5 Options for Debt Relief

If you’re laden down by debt – whether this debt is from your student loans, credit cards or other personal loan – then you’ll benefit from this path to debt relief. Getting yourself out of the red isn’t simply a case of reducing your spending every month, given inflation and the sheer cost of even everyday things these days.

One of the avenues comes from BBB accredited debt relief program reviews, which provides confidence to the average consumer that this is a company that can help. You can have either a secured loan or an unsecured loan – there are options available to address either.

  1. Transferring Your Credit Card Balance

In response to the economic climate where debt is a growing issue, many credit card companies actively promote the possibility of balance transfers from your existing card to theirs – and this comes with an enticing 0% annual percentage rate for the first half-year – sometimes, up to the first two years!

A 0% APR means your monthly payments are only going towards the principle; you’re not on the hook for the interest on the balance for that period of time. A word of forewarning, though: remember that risk is directly proportional to creditworthiness, so high credit scores are generally a must to receive offers like this.

  1. Interest Rate Options

This is an expanded continuation of the above, as not everyone will have the FICO score necessary to receive a 0% APR offer. In fact, you can be proactive in this regard: give your current creditor a call and schedule an appointment – online, or in person – with an account manager. You may be able to obtain a lower interest rate.

The benefit of this is that more of your payment goes towards paying back the principal each month, instead of to settle the risk the creditor is undertaking as determined by your creditworthiness.

  1. Debt Consolidation

You might ask – why would anyone ever want to consolidate their loans? Well, for starters, if you have a lot of credit card debt, then you’re aware of how high the interest rates are on these when compared to what you can get with an average credit score on an unsecured loan. As such, there are quite a few companies out there willing to give you a personal loan at a lower rate; by consolidating all your other debt, you end up paying more money towards the principal with each payment.

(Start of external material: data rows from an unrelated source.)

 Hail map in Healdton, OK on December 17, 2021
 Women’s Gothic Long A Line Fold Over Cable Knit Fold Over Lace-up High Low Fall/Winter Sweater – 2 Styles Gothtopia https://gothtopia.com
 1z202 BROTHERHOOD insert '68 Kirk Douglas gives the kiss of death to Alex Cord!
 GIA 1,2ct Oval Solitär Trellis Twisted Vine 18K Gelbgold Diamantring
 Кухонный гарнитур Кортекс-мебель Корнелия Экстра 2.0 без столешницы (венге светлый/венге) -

The only debt you shouldn’t consolidate together are federal and private student loans – they often have widely-varying rates. Avoid crossing barriers; although of course, you can consolidate different federal loans with each other, and the same for different personal loans.

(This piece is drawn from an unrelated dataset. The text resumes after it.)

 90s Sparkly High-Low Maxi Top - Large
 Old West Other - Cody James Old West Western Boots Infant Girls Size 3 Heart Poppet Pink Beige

  1. Debt Forgiveness or Settlement

This option requires more research than the others, as the pickings are slim, so to speak.It’s the last step before a collection agency may step in, and accomplishes a similar function without as much of a hit to your credit history (or any at all, in some cases). Speak with your creditor about the possibility of paying a single payment that’s a sizable fraction of what you owe; they may forgive the remainder of the debt if you can do pay right away.

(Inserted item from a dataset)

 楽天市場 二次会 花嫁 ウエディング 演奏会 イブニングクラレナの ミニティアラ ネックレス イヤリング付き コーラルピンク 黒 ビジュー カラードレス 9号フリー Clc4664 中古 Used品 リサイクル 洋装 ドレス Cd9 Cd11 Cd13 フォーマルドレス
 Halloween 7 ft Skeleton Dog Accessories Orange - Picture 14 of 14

  1. Managing Your Debt Using an Assistance Program

Lastly – for this article, at least – debt relief in the form of credit counseling has been shown to work for quite a few people. How does it work? The agency takes on your principal, and works out a deal with your privately that lowers your monthly payments to something more manageable. Of course, you’re likely paying for their services, but this amount will be tacked on to the overall payment over the long term.